目錄
實現步驟:
1、Hive數倉建模
2、執行Hive建表腳本
3、業務分析
①基礎驗證腳本
②業務分析腳本
4、提交到git倉庫(對應自己的文件)
案例小結
實現步驟:
1、Hive數倉建模
在scripts目錄創建 HQL 腳本,定義兩層表結構,直接關聯 HDFS 清洗後的數據:
-- 1. 數倉數據庫初始化(保留原邏輯,確保冪等性)
CREATE DATABASE IF NOT EXISTS ecommerce_dw;
USE ecommerce_dw;
-- 2. ODS層:原始數據層
-- 字段名與CSV完全一致,類型統一為STRING(保留原始格式,避免轉換失敗)

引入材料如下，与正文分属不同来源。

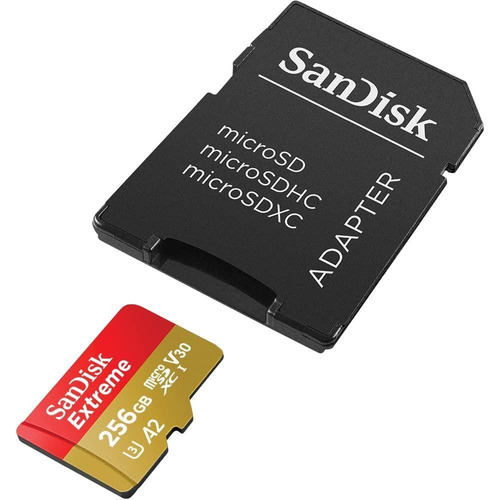 Tarjeta microSDXC 256GB Sandisk Extreme con adaptador SD 190 MB/S 130 MB/S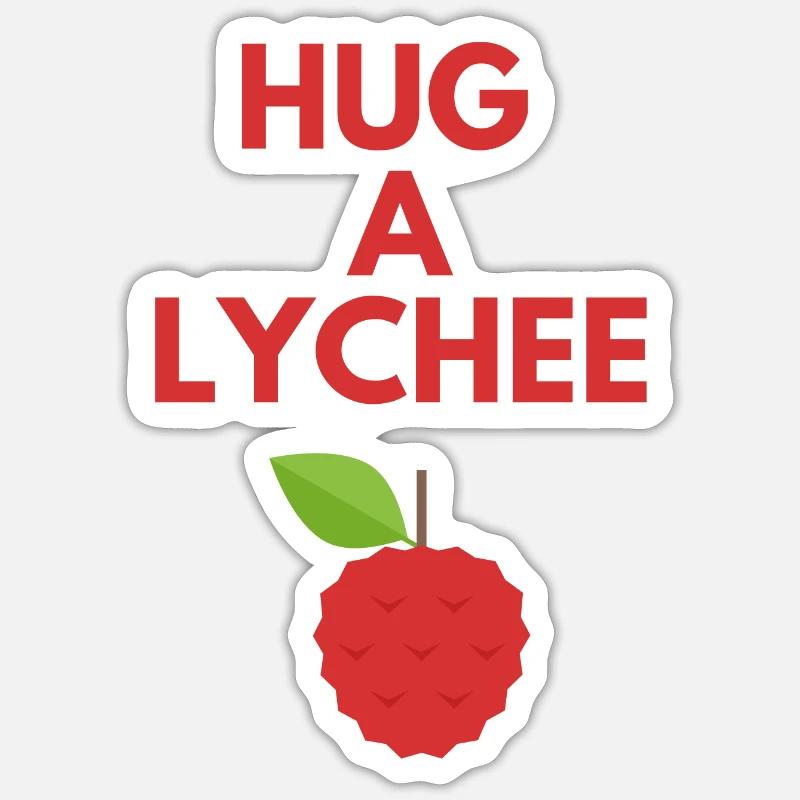 HUG A LYCHEE - Sticker size S (10 x 10 cm) - white matte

CREATE EXTERNAL TABLE IF NOT EXISTS ods_ecommerce_transactions (
Transaction_ID STRING COMMENT '交易ID(原始格式,Spark清洗前為字符串)',
User_Name STRING COMMENT '用户名(用户唯一標識,CSV原始字段)',
Age STRING COMMENT '用户年齡(原始格式,Spark後續轉為INT)',
Country STRING COMMENT '交易國家(與CSV一致)',
Product_Category STRING COMMENT '商品品類(原始格式)',
Purchase_Amount STRING COMMENT '交易金額(原始格式,Spark後續轉為DECIMAL)',
Payment_Method STRING COMMENT '支付方式(原始格式)',
Transaction_Date STRING COMMENT '交易日期(原始格式:yyyy/M/d)'
)
COMMENT '跨境電商交易原始數據ODS層(與CSV字段1:1對應)'
ROW FORMAT DELIMITED
FIELDS TERMINATED BY ','
STORED AS TEXTFILE
LOCATION 'hdfs://node1:9000/user/hadoop/ecommerce_dw/raw_data/transactions/'
TBLPROPERTIES (
'skip.header.line.count' = '1',
'serialization.encoding' = 'UTF-8'
);
-- 3. DWD層:明細數據層(100%匹配Spark清洗結果)
CREATE EXTERNAL TABLE IF NOT EXISTS dwd_ecommerce_transactions (
Transaction_ID INT COMMENT '交易ID(清洗後去重去空)',
User_Name STRING COMMENT '用户名(用户唯一標識)',
Age INT COMMENT '用户年齡(18-100歲,過濾異常值)',
Country STRING COMMENT '交易國家',
Product_Category STRING COMMENT '商品品類',
Purchase_Amount DECIMAL(10,2) COMMENT '交易金額(保留2位小數,單位:默認美元)',
Payment_Method STRING COMMENT '支付方式',
Transaction_Date DATE COMMENT '交易日期(yyyy-MM-dd)'
)
COMMENT '跨境電商交易清洗明細DWD層(與Spark輸出對齊)'
PARTITIONED BY (dt DATE COMMENT '分區字段:交易日期(按日分區)')
STORED AS PARQUET
LOCATION 'hdfs://node1:9000/user/hadoop/ecommerce_dw/processed_data/transactions_clean/'
TBLPROPERTIES (
'parquet.compression' = 'snappy',
'external.table.purge' = 'true'
);
-- 4. DWD層分區元數據
-- Spark按分區寫入Parquet後,Hive需刷新分區才能識別新增數據
MSCK REPAIR TABLE dwd_ecommerce_transactions;
2、執行Hive建表腳本
# 1. 確保Hive Metastore和HiveServer2已啓動(之前步驟已啓動,若未啓動則執行)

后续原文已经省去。